| What is expected |
In the data below, find the line containing "a woman in a" and the line containing "A man is playing the drums", then reproduce them and every line between, exactly. Omit pictures.

| Record excerpts |
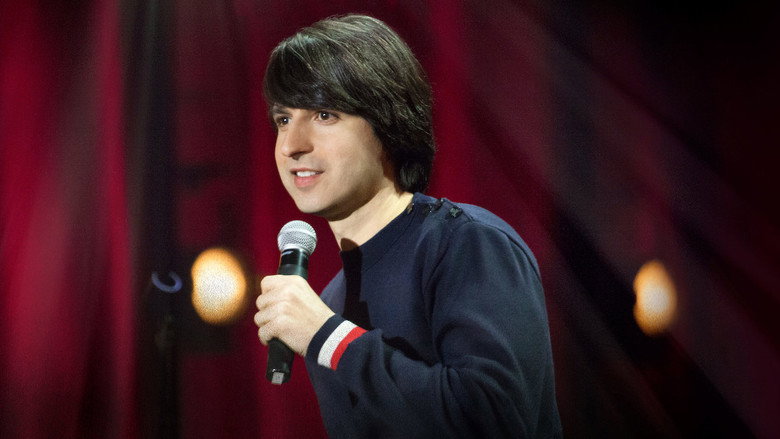 Demetri Martin onstage with a notepad, mid-performance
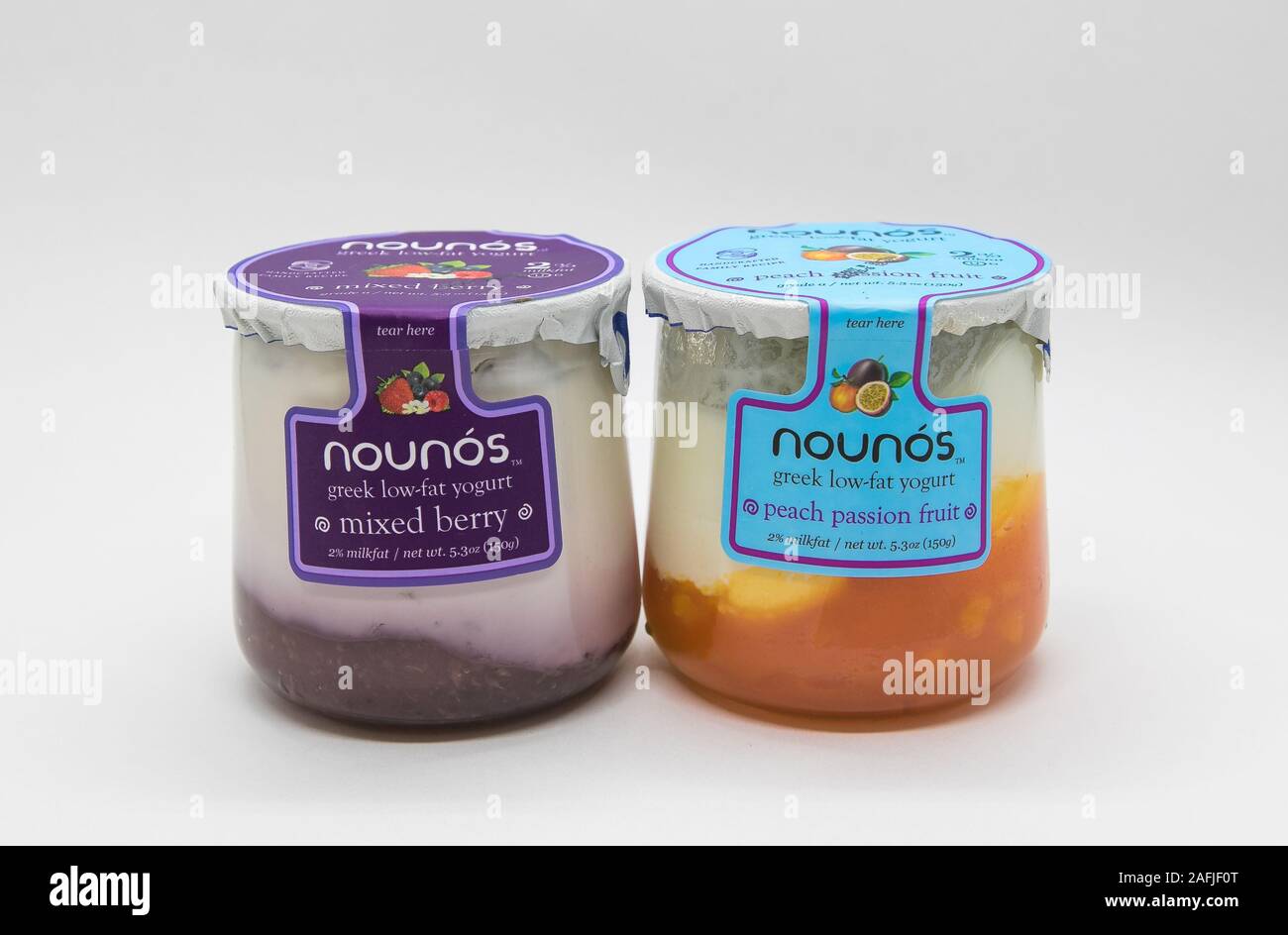 New York, 12/8/2019: Glass containers of Nounos yogurt stand against white background. Stock Photo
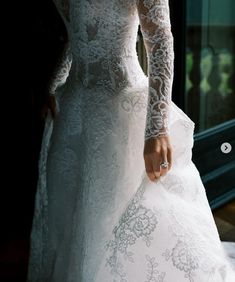 a woman in a white wedding dress is holding her hand out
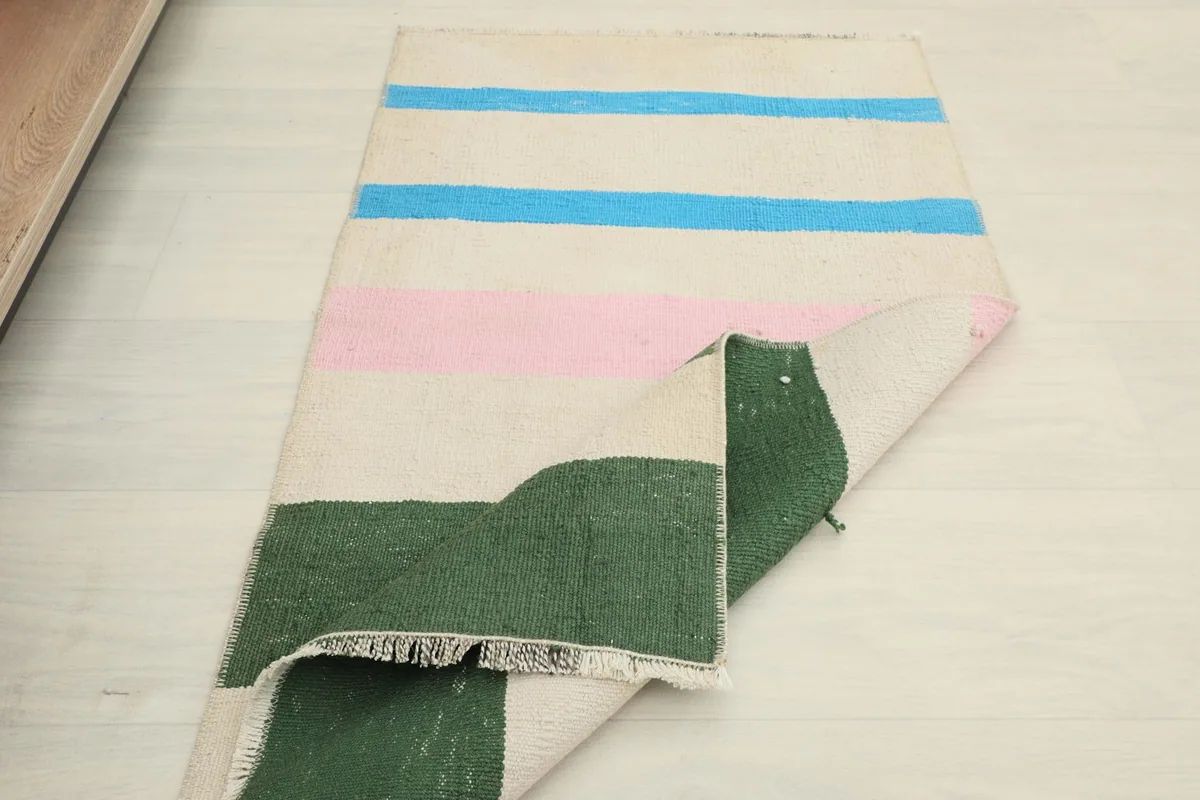 Another folded view of the rug, emphasizing its compact size and portability.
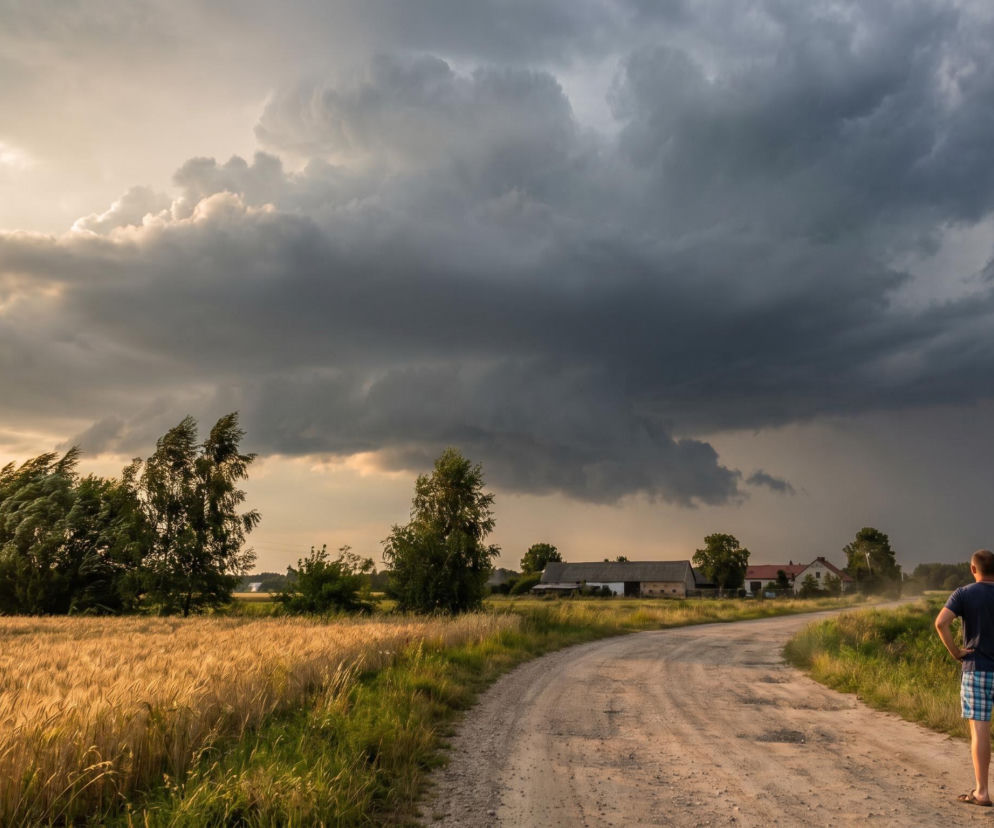 Dwie osoby stoją na wiejskiej drodze gruntowej, obserwując zbliżającą się, groźną nawałnicę z ciemnymi chmurami burzowymi nad polami zbóż i zabudowaniami, co symbolizuje ekstremalne zjawiska pogodowe w Polsce. Więcej informacji o burzach i upałach znajdziesz na naszym portalu.
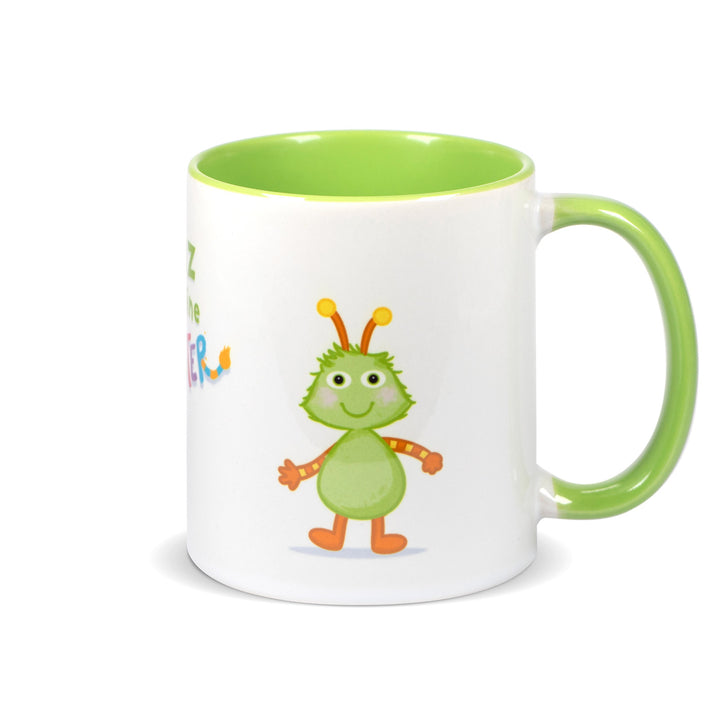 Keramiktasse mit hellgrünem Henkel und hellgrünem Innenrand, Motiv zeigt das grüne Monster „Winz“ vollständig von vorne.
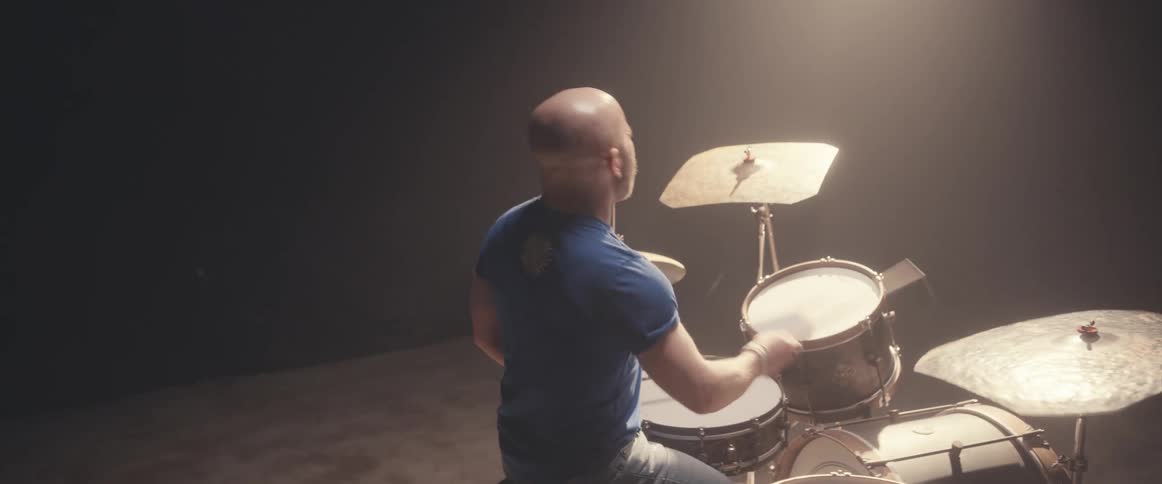A man is playing the drums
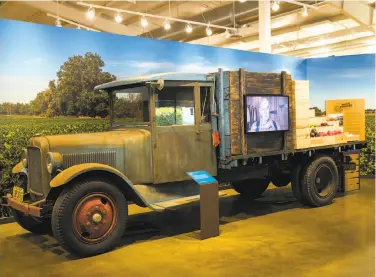  ?? PHOTOS BY LAURA MORTON / SPECIAL TO THE CHRONICLE ?? Left: Cherry packing boxes are on display in an exhibit at the San Joaquin County Historical Museum about the region’s agricultur­al innovation­s. Right: A Graham truck from 1927 is on display at the museum, which features exhibits about the heritage of...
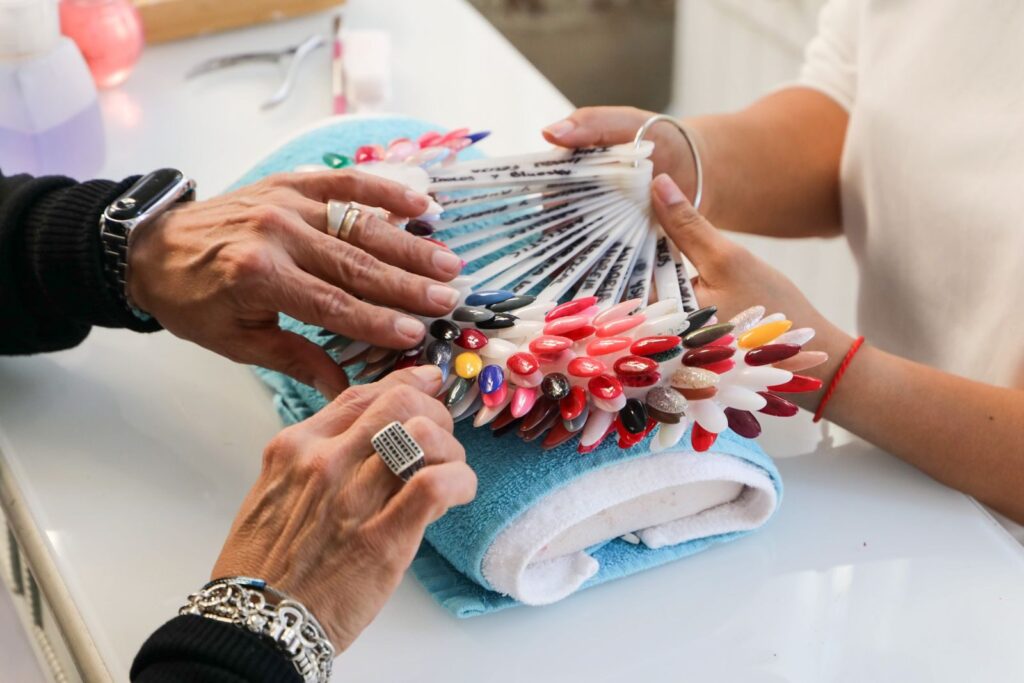 Khách và thợ nail xem bảng mẫu màu sơn móng tại bàn làm việc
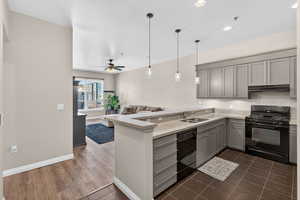 Kitchen featuring black appliances, gray cabinets, a peninsula, hanging light fixtures, and light stone countertops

| Finished exercise |
 a woman in a white wedding dress is holding her hand out
 Another folded view of the rug, emphasizing its compact size and portability.
 Dwie osoby stoją na wiejskiej drodze gruntowej, obserwując zbliżającą się, groźną nawałnicę z ciemnymi chmurami burzowymi nad polami zbóż i zabudowaniami, co symbolizuje ekstremalne zjawiska pogodowe w Polsce. Więcej informacji o burzach i upałach znajdziesz na naszym portalu.
 Keramiktasse mit hellgrünem Henkel und hellgrünem Innenrand, Motiv zeigt das grüne Monster „Winz“ vollständig von vorne.
A man is playing the drums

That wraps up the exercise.